Page 2: Types of brief

Co-operative Brief

Two or more companies are hired to bring an idea or brief to life between them.

Advantages: Each company can bring different perspectives on the same idea together to complete the brief.

Disadvantages: Disagreements between companies are common and this may cause a hold up in the completion of the brief.

Often the companies have to negotiate to suit all of them.

Page 3: Types of brief

Contractual Brief

A contractual brief is when a media company is employed to complete a specific goal and is bound to a set of rules by the contractor, if the rules are not upheld

it could lead to the disestablishment of the contract.

Advantages: the goal is simple and focused meaning everyone knows what to do.

Disadvantages: The company may struggle to communicate or carry out the instructions due to technology or funds.

Page 4: Types of brief

Negotiated Brief

When two or more companies are employed to complete a brief but have different ideas, or they are competing for the brief. They often

have to come to an agreement over the disputes.

Advantages: The companies can use their different insights to better the project.

Disadvantages: This process wastes valuable time.

Page 5: Types of brief

Formal Brief

A client is employed to create or finish a project and given free range on how to go about it as

long as the essential message is portrayed.

Advantages: The company can complete the project without conflict or guidelines therefore the brief will be completed in a short amount of time.

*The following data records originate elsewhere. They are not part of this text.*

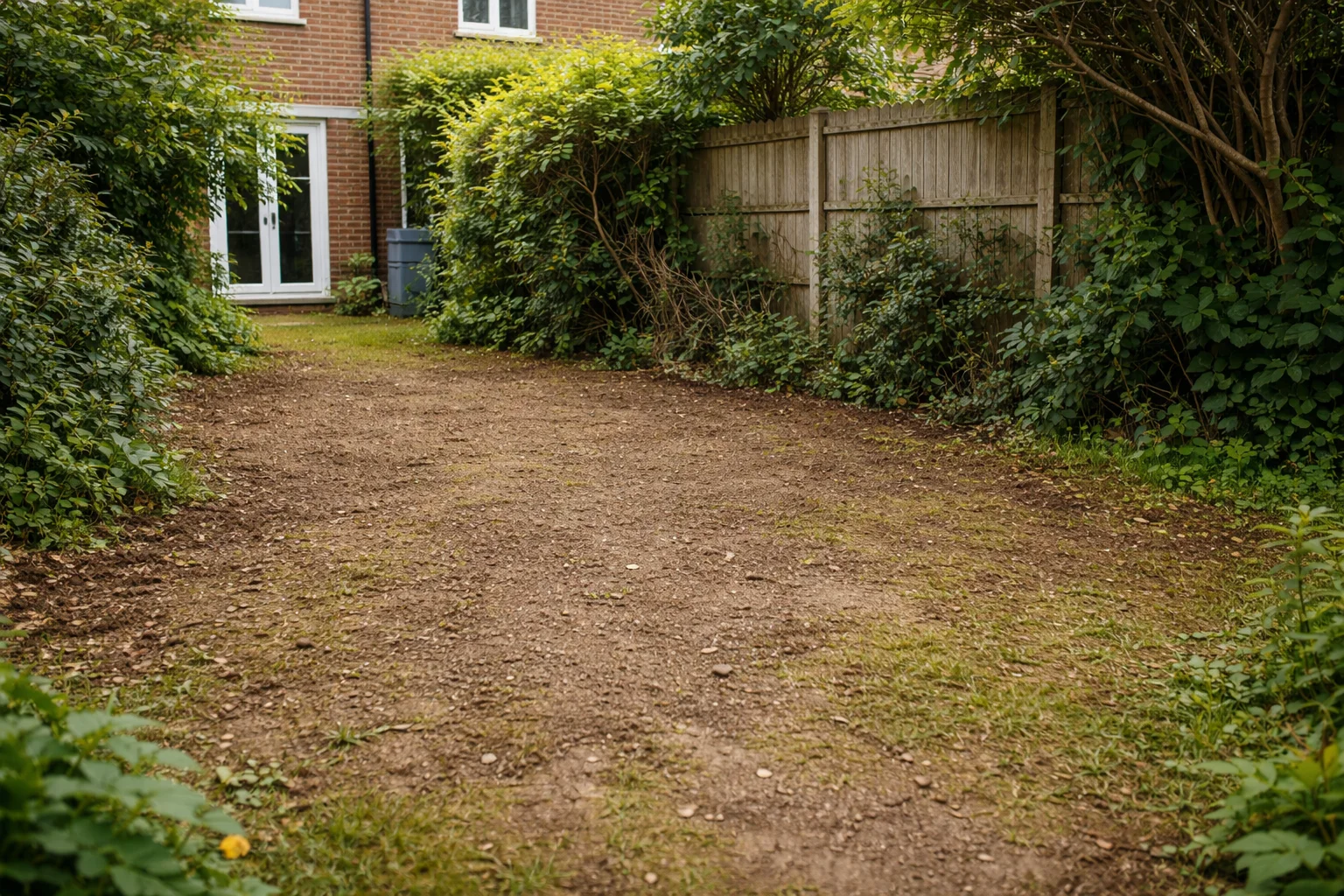 Garden Waste Removal After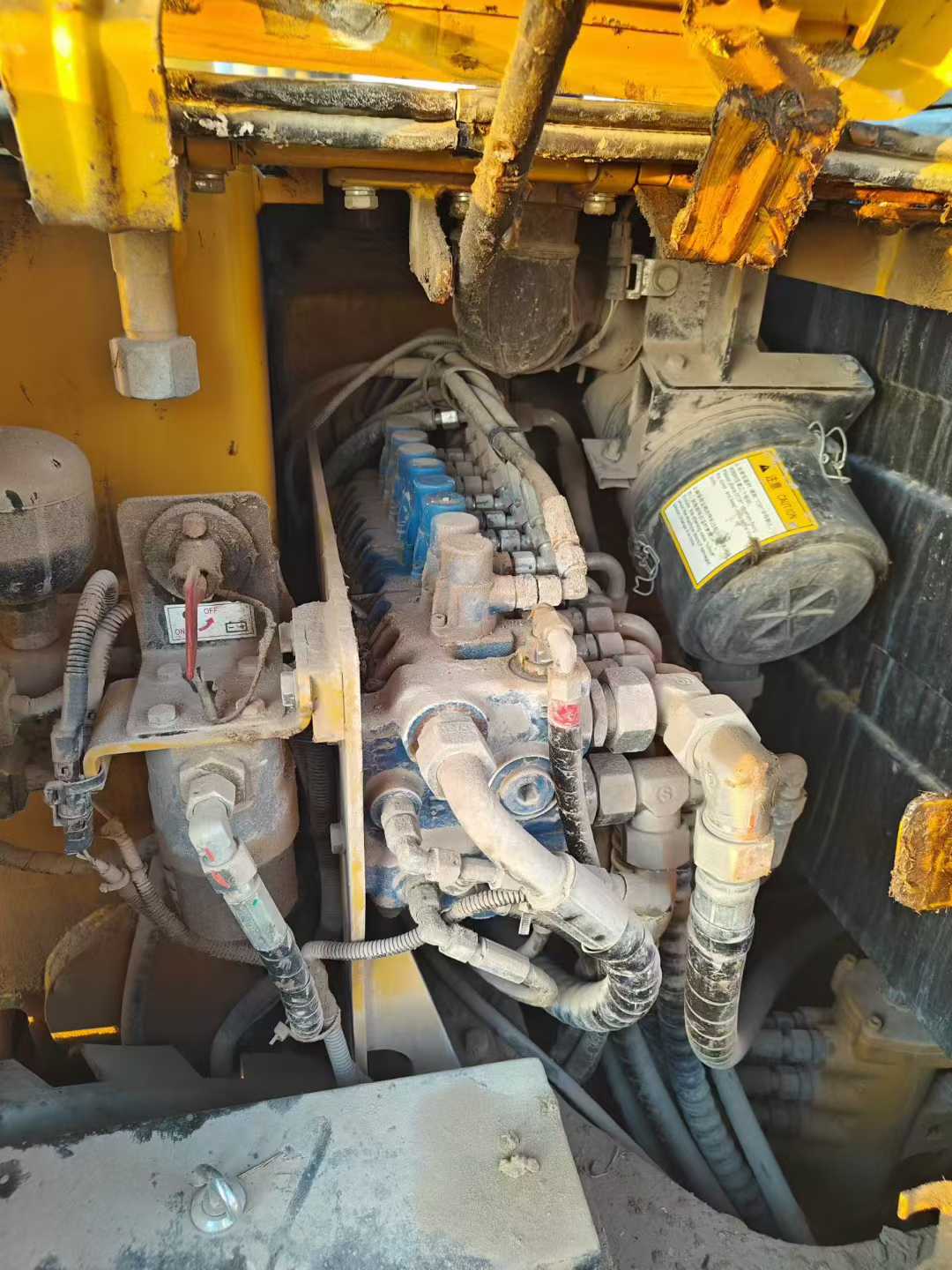 Buy Sany SY60 Used Excavator / 8 Used Sany SY60 Excavator 2022 Model / 8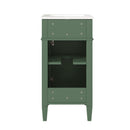 French Style Bathroom Vanity With Sink by HouseOfZazla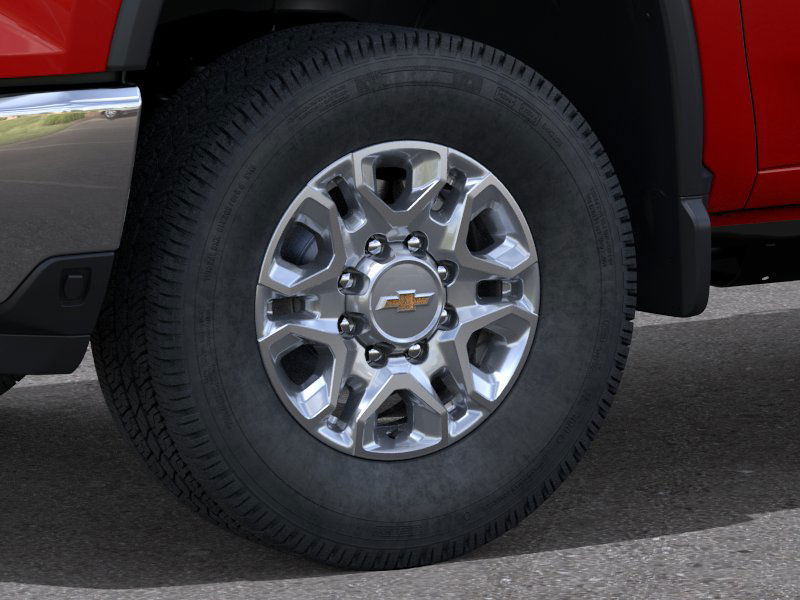 Thumbnail: 2026 Chevrolet Silverado 2500 - 9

Disadvantages: The client may be disappointed with the finished product as their ideas may not have been clear.

Page 6: Types of brief

Commission Brief

A commission brief is when a company will employ an other independent media company to create and produce for them meaning less

work for the company and shared profits.

Advantages: Companies can collaborate and join in projects more often and more effectively if the project goes well.

Disadvantages: If the creation is not as profitable as intended the companies can lose money leading to bad reputations.